MATERIAL FOR THIS EXERCISE -
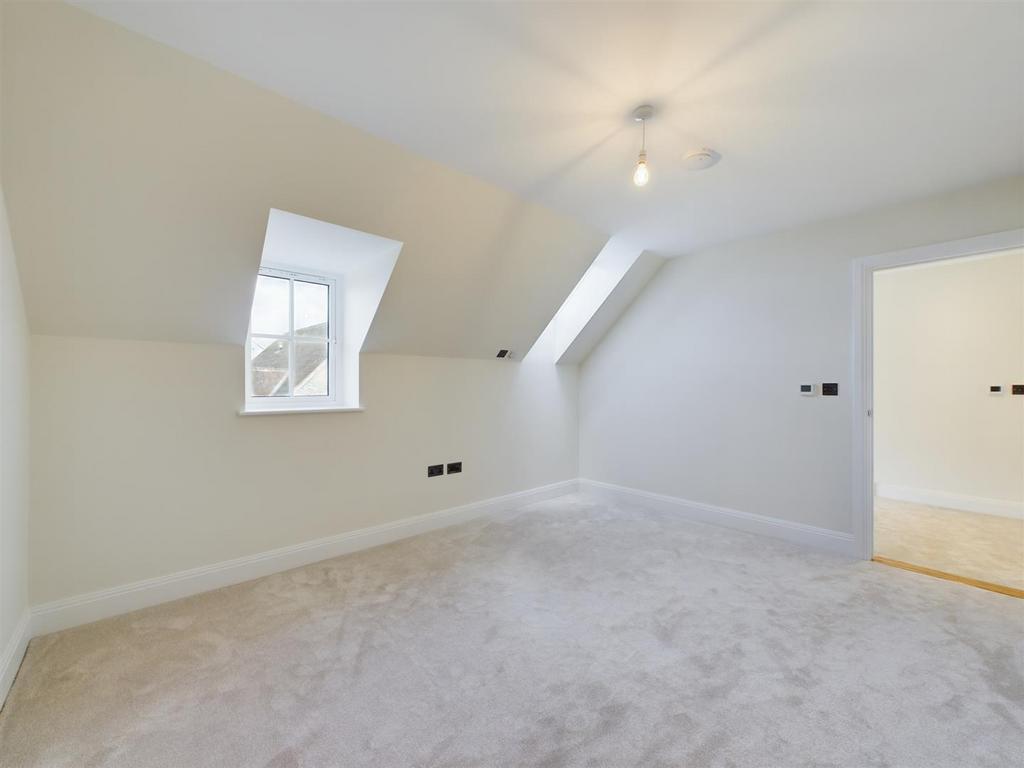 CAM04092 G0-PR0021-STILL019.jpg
---
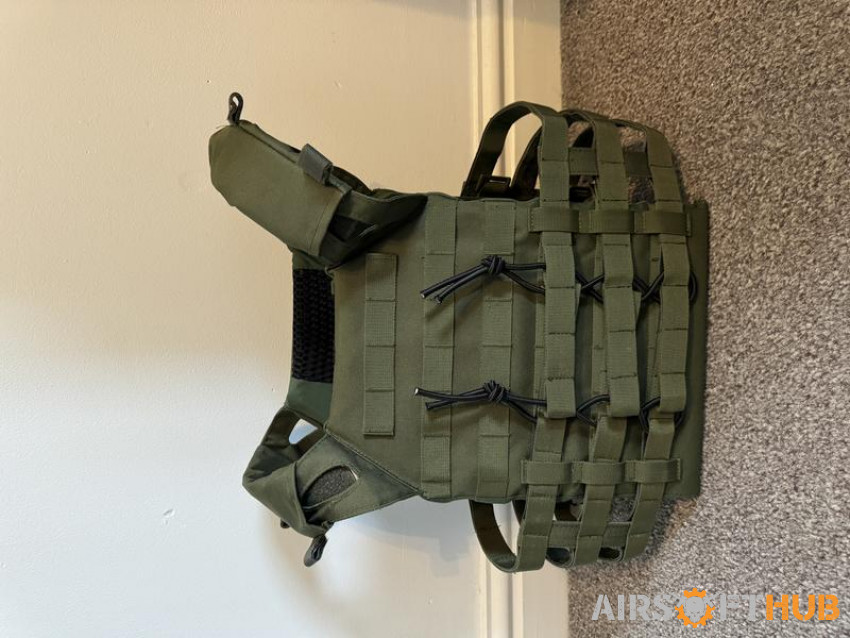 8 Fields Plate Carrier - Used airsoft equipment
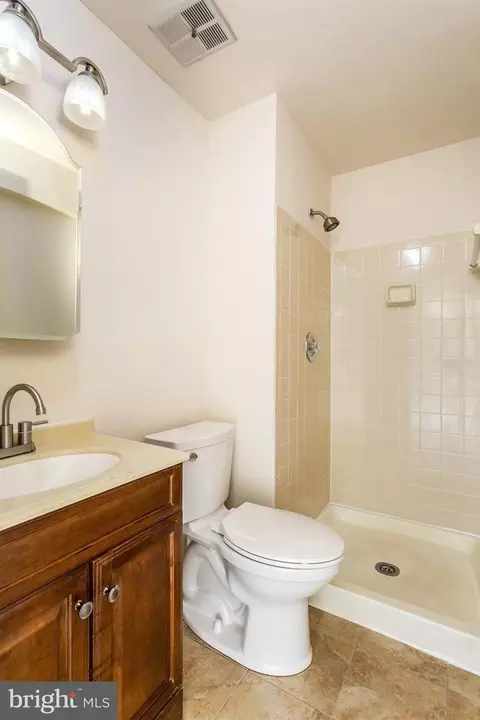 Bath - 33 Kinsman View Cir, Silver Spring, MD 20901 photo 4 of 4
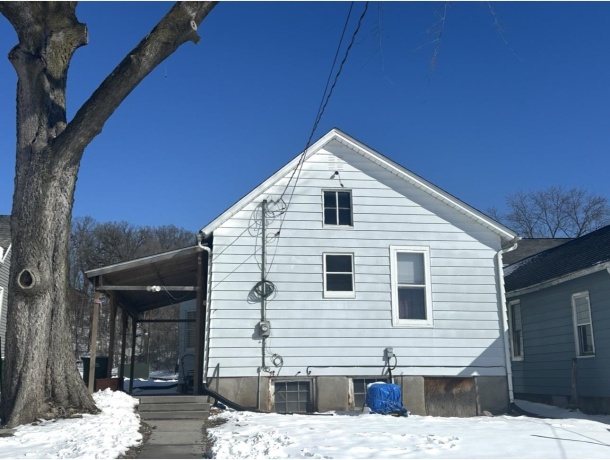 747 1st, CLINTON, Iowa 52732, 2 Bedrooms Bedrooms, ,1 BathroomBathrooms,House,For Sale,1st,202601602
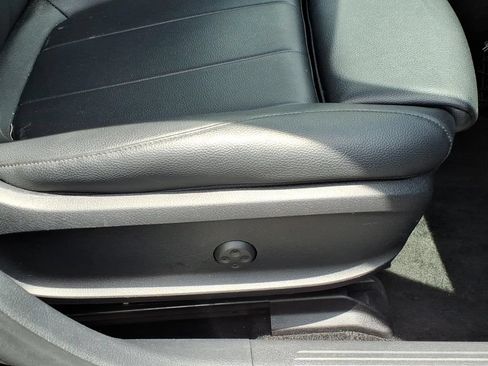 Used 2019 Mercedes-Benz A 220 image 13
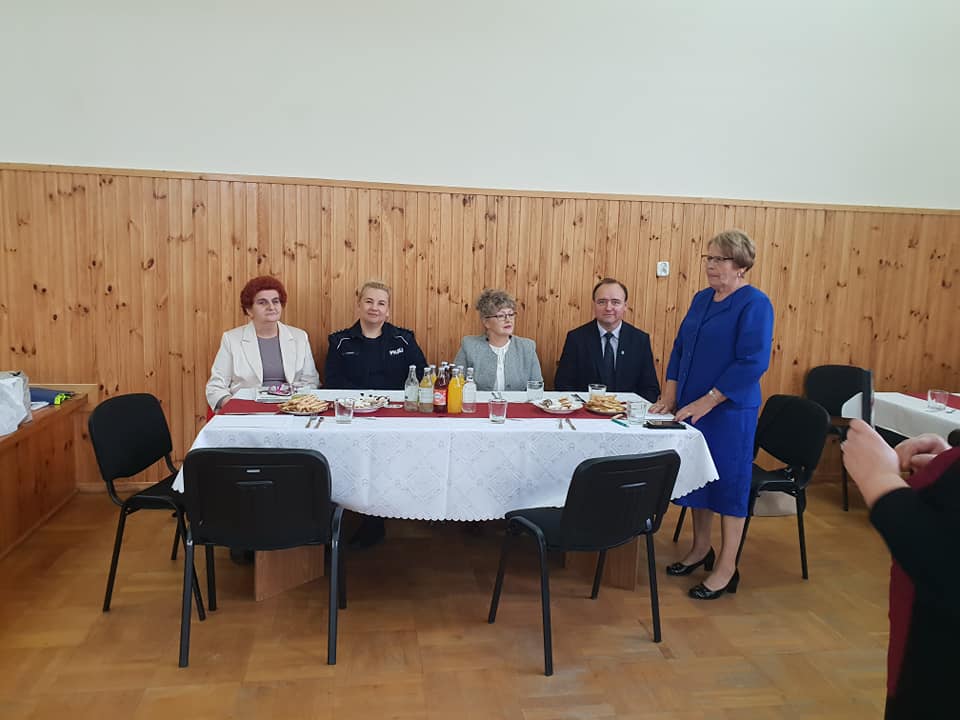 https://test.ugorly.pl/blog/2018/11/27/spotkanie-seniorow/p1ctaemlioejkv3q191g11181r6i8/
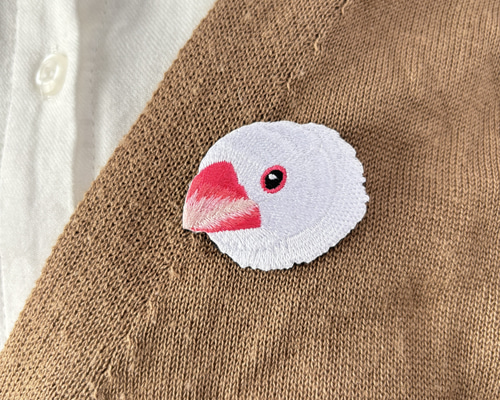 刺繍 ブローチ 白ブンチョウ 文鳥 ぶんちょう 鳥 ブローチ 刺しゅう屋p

WHAT TO PRODUCE -
Look above for the line with "Used 2019 Mercedes-Benz A 220 image 13" and the line with "刺繍 ブローチ 白ブンチョウ 文鳥 ぶんちょう 鳥 ブローチ 刺しゅう屋p", then copy them and all lines in between exactly as written, and only those, without any pictures.

COMPLETED EXERCISE -
 Used 2019 Mercedes-Benz A 220 image 13
 https://test.ugorly.pl/blog/2018/11/27/spotkanie-seniorow/p1ctaemlioejkv3q191g11181r6i8/
 刺繍 ブローチ 白ブンチョウ 文鳥 ぶんちょう 鳥 ブローチ 刺しゅう屋p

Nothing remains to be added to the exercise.